Il mondo magico (The magical world), presents the work of three Italian artists—Giorgio Andreotta Calò, Roberto Cuoghi, and Adelita Husni-Bey—whose practices suggest a new faith in the transformative power of the imagination, and an interest in magic. With references to magic, fancy, and fable, these artists see art as a tool for inhabiting the world in all its richness and multiplicity.

The title of the exhibition is borrowed from Ernesto de Martino’s book Il mondo magico. De Martino (1908-65), developed seminal theories about the anthropological function of magic, which he studied for decades, describing its rituals as devices through which individuals try to regain control in times of uncertainty and reassert their presence in the world. Il mondo magico, written during the Second World War and published in 1948, ushered in a series of reflections on a body of beliefs, rituals, and myths that would continue to hold the Neapolitan anthropologist’s attention in the decades that followed, from his “Southern” trilogy (Sud e Magia, Morte e pianto rituale, and La terra del rimorso) up to his last writings, posthumously collected in La fine del mondo.

Within the landscape of contemporary Italian art, Andreotta Calò, Cuoghi, and Husni-Bey construct parallel universes that teem with references to magic, fancy, and fable, creating complex personal cosmologies. They see themselves not just as producers of artworks, but as active interpreters and creators of the world, which they reinvent through magic and the imagination. For the invited artists, magic is not an escape into the depths of irrationality but rather a new way of experiencing reality. What these artists have in common is not a specific consistency of style so much as a desire to find alternative ways of discovering and describing the world, stepping away from a more sterile documentary approach and moving instead into the realm of the fanciful and imaginary. “Il mondo magico” therefore sees the artist not just as a fabricator of works and objects but above all as a guide to interpreting the world—an architect of personal cosmologies.

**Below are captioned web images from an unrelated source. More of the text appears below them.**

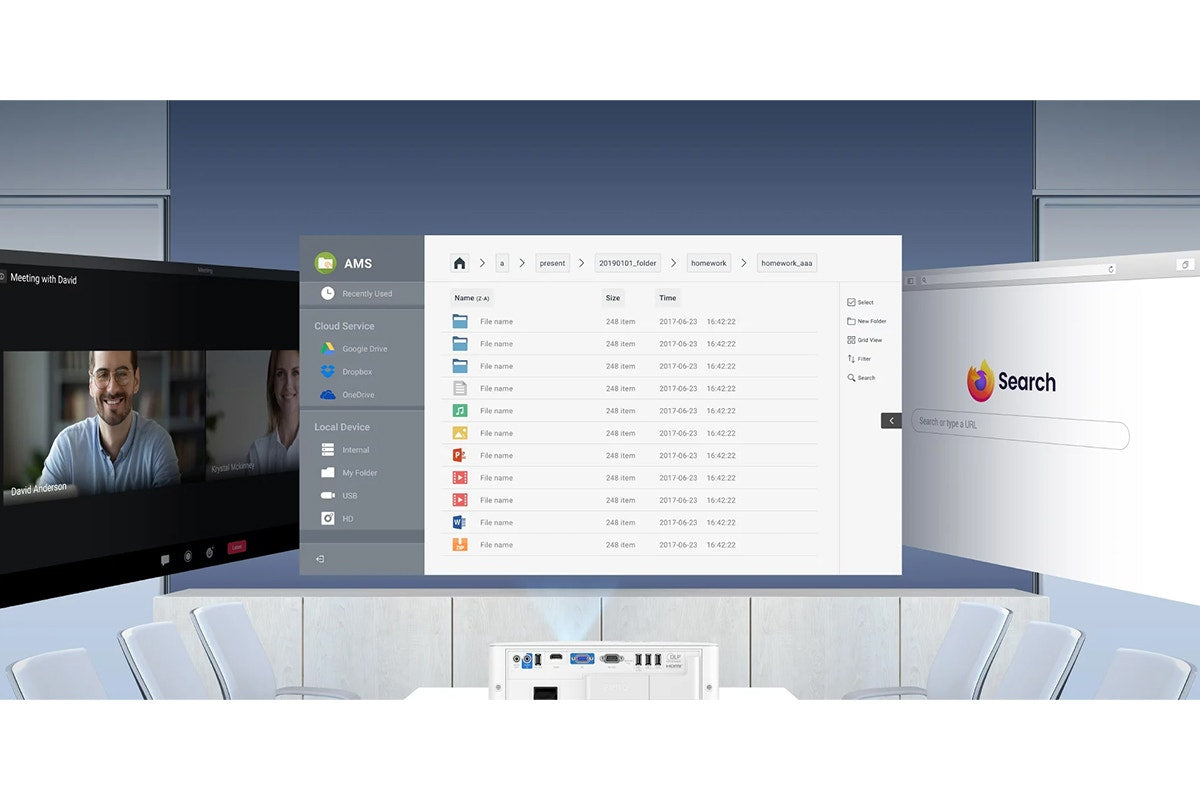 BenQ EU610ST WUXGA Short Throw Smart Meeting Room Projector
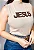 T-shirt Gola Alta - Aplicação Jesus Strass - COR AREIA - Imagem 1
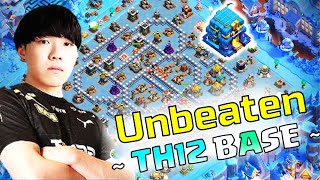 New Th12 war base  Unbeatable base with copy link Clash of clans [upl. by Sholes]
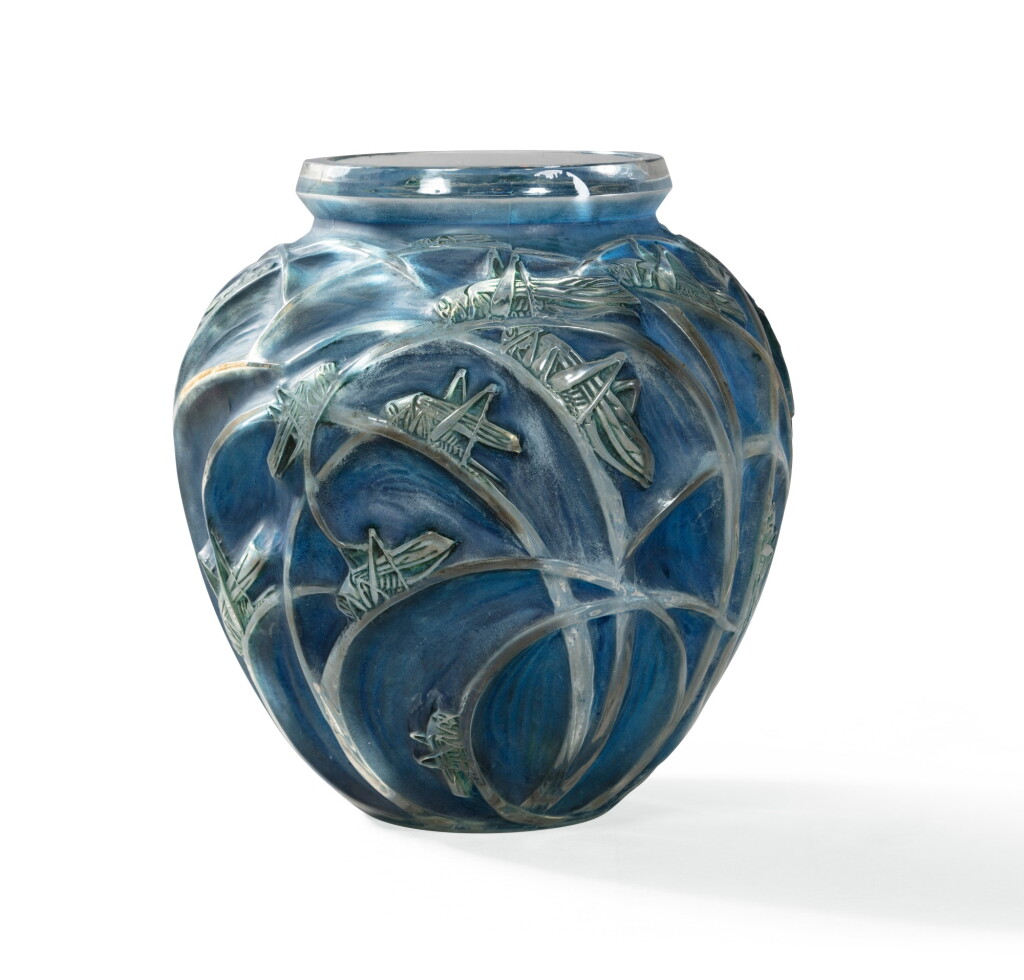 View full screen - View 1 of Lot 235. Sauterelles vase, designed in 1912, not executed after 1947 | le modèle créé en 1912, non repris après 1947.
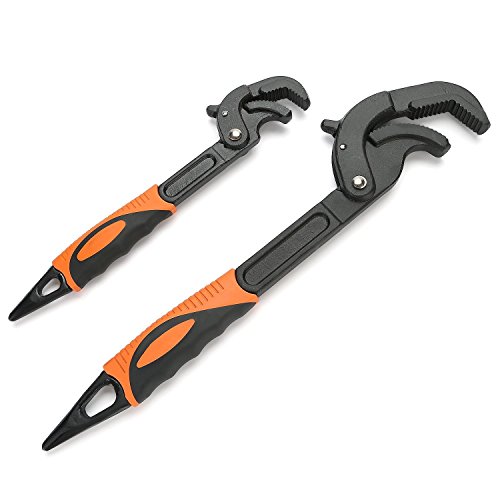 LESOLEIL Schraubenschlüssel Satz Multifunktions Universal Reparatur Werkzeuge Snap N Grip Verstellbarer 14-60mm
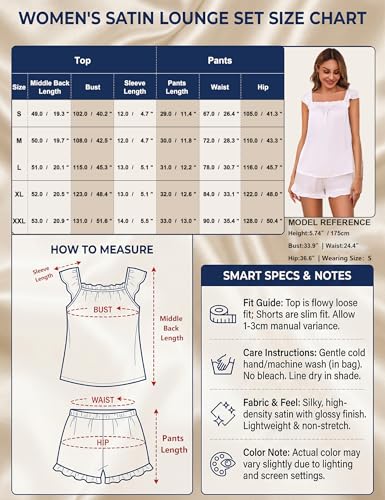 Women's Silk Pajama Sets  - image 9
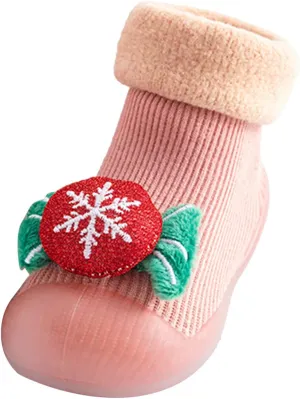 Shoes Christmas Cartoon Kids Slipper Toddler Prewalker Baby 3D Girls Socks Boys Baby Shoes Infant Tennis
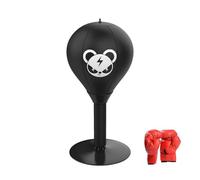 Ball Boxing Punch Ball - del Estrés De Escritorio, Saco De boxeoMultifuncional | Bola De Velocidad con Creativa, Objetivo De Resorte Flexible para Ejercicio En Casa, Oficina, Entrenami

Like the rituals described by de Martino, the works of Andreotta Calò, Cuoghi, and Husni-Bey stage situations of crisis that are resolved through processes of aesthetic and ecstatic transfiguration. If one looks closely, these works offer up the image of a country—both real and fanciful—where ancient traditions coexist with new global languages and vernaculars, and where reality and imagination melt together into a new magical world.